Member of the National Assembly of the Republic of Serbia
- Incumbent
- Assumed office 6 February 2024
- In office 3 August 2020 – 1 August 2022

Personal details
- Born: 15 May 1967 (age 58) Vršac, SAP Vojvodina, SR Serbia, SFR Yugoslavia
- Party: VMSZ

= Emese Úri =

Serbian doctor and politician

Emese Úri (Емеше Ури; born 15 May 1967) is a Serbian medical doctor, administrator, and politician from the country's Hungarian community, currently serving her second term in the Serbian national assembly. Úri is a member of the Alliance of Vojvodina Hungarians (VMSZ).

==Early life and career==
Úri was born in Vršac, in what was then the Socialist Autonomous Province of Vojvodina in the Socialist Republic of Serbia, Socialist Federal Republic of Yugoslavia. She was raised in the Hungarian community of Jermenovci in nearby Plandište and attended medical high school in Zrenjanin. Úri graduated with a general medical degree from the Medical Faculty in Novi Sad, began working at the Sombor health centre in 2000, and became director of the centre in 2013.

==Politician==
Úri was given the sixth position on the VMSZ's electoral list for Sombor in the 2016 Serbian local elections and was not elected when the list won three seats.
===Parliamentarian===
Úri received the eighth position on the VMSZ's list in the 2020 Serbian parliamentary election. The party made a concerted effort to increase its vote in this election, and Úri received her first assembly mandate when the list won a record nine seats. In her first term, she was a member of the labour committee (Note: Formally known as the Committee on Labour, Social Issues, Social Inclusion, and Poverty Reduction.) and the health and family committee, a deputy member of the education committee (Note: Formally known as the Committee on Education, Science, Technological Development, and the Information Society.) and the committee on the rights of the child, and a member of the parliamentary friendship groups with China and Switzerland. The VMSZ supported Serbia's government led by the Serbian Progressive Party (SNS) during this time.

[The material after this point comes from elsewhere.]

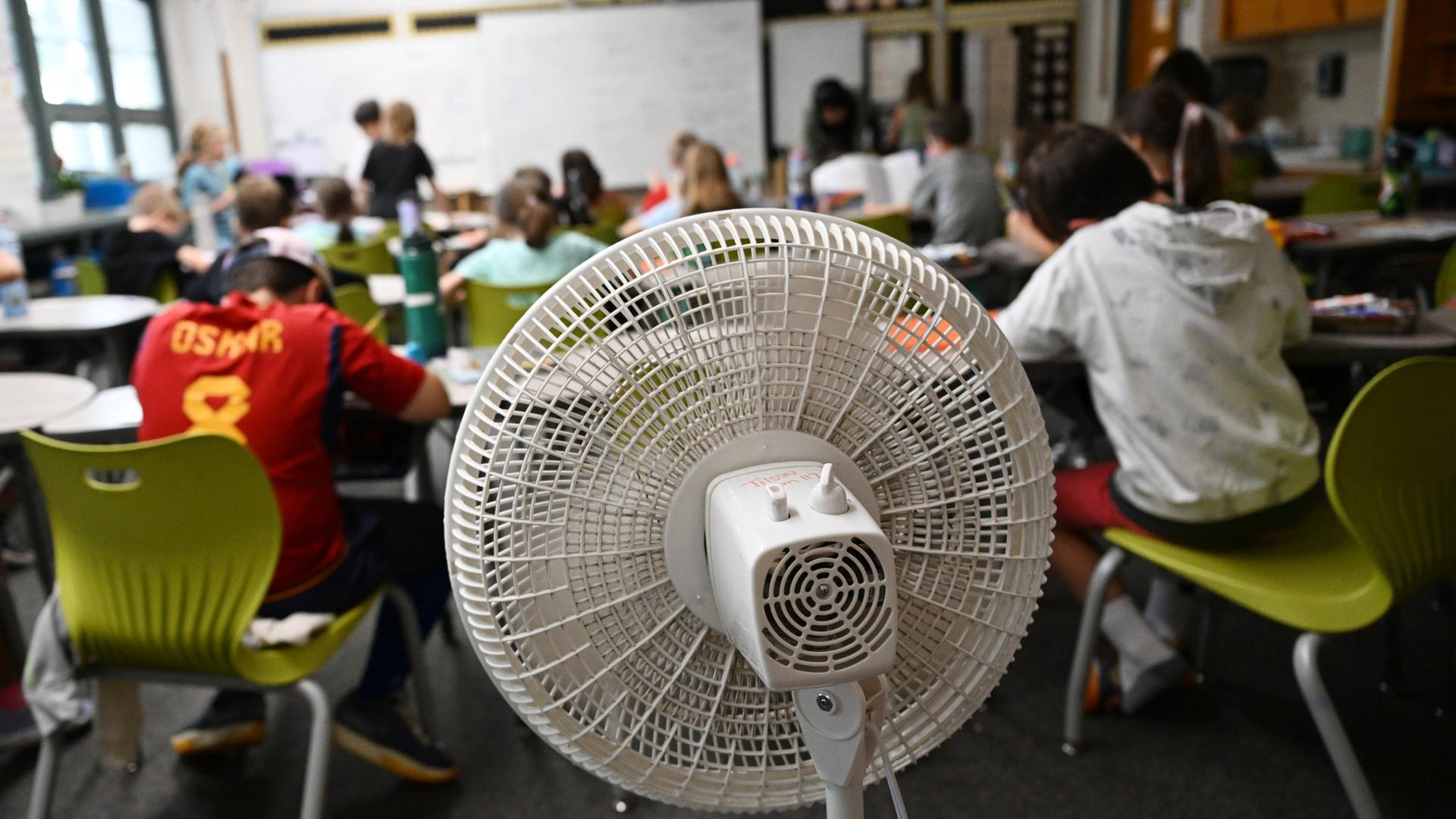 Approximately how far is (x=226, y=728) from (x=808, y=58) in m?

She also appeared in the sixth position on the VMSZ's list for Sombor in the 2020 Serbian local elections, which were held concurrently with the parliamentary election. The list won five seats, and she was not elected. She had the opportunity to enter the assembly later in 2000 as the replacement for another delegate, but she declined her mandate, and the next candidate on the list received it instead.

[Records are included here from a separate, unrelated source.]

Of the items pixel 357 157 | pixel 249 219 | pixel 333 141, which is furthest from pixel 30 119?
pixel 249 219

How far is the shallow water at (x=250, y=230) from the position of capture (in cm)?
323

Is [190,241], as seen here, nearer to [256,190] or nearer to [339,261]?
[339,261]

Úri was promoted to the seventh position on the VMSZ's list in the 2022 parliamentary election and was not re-elected when the list fell to five seats.

She was promoted again to the fifth position in the 2023 parliamentary election and was elected to a second term when the VMSZ won six mandates. She took her seat when the assembly convened in February 2024. Úri is now a member of the health and family committee and the committee on the rights of the child, a deputy member of the culture and information committee, and a member of the friendship group with Slovakia.

She was a nominal VMSZ candidate in the 2024 local elections, appearing in the eighth position on the party's list in Sombor. She was not elected when the list won four seats.